Dark energy is a hypothetical form of energy that permeates all of space and is postulated to drive the accelerated expansion of the universe, constituting approximately 68% of the total energy content of the cosmos. It was first inferred from Type Ia supernova observations in 1998, which showed that distant supernovae were fainter than expected, implying the expansion of the universe is speeding up rather than slowing down.
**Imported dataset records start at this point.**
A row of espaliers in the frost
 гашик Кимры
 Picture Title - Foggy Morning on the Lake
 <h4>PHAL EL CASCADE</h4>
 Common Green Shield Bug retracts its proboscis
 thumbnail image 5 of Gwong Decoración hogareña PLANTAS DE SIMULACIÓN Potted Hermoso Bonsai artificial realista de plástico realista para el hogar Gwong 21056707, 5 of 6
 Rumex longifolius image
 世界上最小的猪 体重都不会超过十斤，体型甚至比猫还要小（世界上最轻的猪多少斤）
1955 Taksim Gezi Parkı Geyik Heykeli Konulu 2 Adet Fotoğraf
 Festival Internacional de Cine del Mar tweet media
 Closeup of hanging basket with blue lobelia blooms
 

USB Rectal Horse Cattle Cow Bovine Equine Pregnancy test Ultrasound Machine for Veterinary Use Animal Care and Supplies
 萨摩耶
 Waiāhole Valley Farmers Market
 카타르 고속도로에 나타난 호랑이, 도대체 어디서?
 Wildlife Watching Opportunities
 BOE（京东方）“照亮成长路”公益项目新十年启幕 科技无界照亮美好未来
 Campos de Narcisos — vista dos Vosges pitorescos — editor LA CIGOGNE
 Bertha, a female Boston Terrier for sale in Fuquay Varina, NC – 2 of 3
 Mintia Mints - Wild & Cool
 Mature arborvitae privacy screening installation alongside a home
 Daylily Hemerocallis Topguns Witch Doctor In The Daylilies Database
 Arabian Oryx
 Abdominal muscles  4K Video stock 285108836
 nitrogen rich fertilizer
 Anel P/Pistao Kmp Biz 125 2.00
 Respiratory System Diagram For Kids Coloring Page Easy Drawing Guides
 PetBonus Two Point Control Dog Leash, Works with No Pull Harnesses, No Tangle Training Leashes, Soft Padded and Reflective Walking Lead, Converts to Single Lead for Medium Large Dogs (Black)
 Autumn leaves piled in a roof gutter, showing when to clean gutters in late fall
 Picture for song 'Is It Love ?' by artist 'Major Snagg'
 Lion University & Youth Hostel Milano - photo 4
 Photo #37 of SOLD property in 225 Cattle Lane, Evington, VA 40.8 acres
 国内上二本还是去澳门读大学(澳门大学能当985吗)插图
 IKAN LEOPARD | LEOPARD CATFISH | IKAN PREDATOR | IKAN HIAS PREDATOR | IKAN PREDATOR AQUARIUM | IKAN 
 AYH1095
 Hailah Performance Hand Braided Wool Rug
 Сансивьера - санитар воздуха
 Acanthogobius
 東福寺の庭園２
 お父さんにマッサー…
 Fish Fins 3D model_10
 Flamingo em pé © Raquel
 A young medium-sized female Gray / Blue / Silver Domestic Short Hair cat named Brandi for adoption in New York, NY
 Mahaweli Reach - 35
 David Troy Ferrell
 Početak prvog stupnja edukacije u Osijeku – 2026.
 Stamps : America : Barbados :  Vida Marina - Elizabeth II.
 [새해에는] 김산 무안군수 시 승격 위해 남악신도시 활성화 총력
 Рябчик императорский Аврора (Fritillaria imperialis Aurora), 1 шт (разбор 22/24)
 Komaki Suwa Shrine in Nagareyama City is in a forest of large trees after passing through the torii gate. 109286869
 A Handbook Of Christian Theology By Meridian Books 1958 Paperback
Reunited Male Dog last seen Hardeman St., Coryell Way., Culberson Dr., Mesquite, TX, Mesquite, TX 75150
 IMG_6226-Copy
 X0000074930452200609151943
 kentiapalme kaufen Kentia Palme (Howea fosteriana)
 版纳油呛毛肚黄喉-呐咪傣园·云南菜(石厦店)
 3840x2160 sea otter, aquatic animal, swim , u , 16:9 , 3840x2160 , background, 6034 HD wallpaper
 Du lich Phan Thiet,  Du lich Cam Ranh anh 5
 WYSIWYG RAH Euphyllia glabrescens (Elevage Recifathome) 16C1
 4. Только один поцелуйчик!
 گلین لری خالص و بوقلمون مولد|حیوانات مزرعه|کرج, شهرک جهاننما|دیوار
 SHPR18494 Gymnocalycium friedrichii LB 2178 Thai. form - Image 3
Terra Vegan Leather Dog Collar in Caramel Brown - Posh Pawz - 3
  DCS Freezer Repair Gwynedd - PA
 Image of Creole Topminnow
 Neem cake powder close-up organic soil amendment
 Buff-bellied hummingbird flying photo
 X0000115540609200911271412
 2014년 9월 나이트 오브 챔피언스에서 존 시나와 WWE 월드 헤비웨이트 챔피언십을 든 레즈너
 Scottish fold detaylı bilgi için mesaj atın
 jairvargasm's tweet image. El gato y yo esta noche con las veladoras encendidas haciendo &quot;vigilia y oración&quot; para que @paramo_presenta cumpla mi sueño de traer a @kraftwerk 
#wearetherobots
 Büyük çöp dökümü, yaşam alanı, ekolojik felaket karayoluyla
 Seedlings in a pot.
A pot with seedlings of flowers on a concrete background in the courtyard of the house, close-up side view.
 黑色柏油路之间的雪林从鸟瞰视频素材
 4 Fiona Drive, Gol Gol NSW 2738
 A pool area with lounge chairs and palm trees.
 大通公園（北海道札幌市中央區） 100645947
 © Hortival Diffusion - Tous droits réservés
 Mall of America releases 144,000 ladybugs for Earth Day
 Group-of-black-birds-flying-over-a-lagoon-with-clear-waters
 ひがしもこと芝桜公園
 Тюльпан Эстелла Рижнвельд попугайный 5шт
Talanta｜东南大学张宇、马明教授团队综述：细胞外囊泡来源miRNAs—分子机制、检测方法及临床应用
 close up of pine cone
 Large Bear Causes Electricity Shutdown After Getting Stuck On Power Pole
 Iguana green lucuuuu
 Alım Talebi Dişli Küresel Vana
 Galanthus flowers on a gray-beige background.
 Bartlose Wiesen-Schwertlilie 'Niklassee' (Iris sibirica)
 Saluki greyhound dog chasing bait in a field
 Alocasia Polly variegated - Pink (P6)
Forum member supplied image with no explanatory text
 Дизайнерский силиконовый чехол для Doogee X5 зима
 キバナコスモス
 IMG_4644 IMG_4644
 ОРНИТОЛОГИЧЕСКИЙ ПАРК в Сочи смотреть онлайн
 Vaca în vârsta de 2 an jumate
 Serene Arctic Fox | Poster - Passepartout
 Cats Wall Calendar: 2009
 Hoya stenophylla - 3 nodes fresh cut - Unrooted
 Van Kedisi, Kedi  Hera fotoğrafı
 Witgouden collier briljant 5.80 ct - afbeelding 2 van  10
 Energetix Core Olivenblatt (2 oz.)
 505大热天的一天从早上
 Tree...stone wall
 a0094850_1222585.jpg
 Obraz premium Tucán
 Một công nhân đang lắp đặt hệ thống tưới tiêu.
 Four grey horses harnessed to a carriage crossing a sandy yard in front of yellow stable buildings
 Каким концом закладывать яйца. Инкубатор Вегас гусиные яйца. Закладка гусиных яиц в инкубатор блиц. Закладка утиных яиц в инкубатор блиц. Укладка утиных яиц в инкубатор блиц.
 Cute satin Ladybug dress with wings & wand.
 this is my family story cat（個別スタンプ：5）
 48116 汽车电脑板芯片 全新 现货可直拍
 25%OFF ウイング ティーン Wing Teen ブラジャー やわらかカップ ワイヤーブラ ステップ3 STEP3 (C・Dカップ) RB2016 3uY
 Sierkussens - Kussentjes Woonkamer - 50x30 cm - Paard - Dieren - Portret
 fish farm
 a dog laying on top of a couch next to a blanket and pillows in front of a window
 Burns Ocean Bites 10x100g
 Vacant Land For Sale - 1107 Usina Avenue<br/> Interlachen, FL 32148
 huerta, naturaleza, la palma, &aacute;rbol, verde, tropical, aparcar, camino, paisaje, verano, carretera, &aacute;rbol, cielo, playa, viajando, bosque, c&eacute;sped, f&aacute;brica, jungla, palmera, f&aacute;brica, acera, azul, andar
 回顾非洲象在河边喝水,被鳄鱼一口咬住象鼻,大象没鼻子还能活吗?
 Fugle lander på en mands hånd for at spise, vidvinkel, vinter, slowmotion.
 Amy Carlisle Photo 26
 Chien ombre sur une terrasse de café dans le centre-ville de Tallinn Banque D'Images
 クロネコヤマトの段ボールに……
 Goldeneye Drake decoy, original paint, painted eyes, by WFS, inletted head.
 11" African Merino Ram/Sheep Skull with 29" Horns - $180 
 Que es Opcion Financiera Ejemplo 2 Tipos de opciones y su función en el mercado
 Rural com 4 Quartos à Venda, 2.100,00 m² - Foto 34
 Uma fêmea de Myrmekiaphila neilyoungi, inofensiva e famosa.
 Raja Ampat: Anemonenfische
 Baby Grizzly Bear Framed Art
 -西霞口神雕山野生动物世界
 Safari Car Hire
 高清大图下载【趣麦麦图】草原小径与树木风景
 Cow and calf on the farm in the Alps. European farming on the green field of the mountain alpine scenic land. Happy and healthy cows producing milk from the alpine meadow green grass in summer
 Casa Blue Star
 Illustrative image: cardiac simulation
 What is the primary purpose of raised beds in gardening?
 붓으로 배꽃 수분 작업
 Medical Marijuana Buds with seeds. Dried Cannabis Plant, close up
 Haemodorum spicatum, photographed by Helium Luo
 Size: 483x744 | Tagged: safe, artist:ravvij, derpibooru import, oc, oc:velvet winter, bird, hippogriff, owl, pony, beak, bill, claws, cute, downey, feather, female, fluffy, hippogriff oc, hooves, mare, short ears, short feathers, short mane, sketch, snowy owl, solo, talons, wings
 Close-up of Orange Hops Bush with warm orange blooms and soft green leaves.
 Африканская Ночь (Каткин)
The simplest model for dark energy is the cosmological constant (Λ), representing a constant energy density of free space, though alternative models such as quintessence propose a dynamic scalar field.
H² = (8πG/3)(ρ_matter + ρ_radiation + ρ_Λ)
LaTeX: H^2 = \frac{8\pi G}{3}\left(\rho_m + \rho_r + \rho_\Lambda\right)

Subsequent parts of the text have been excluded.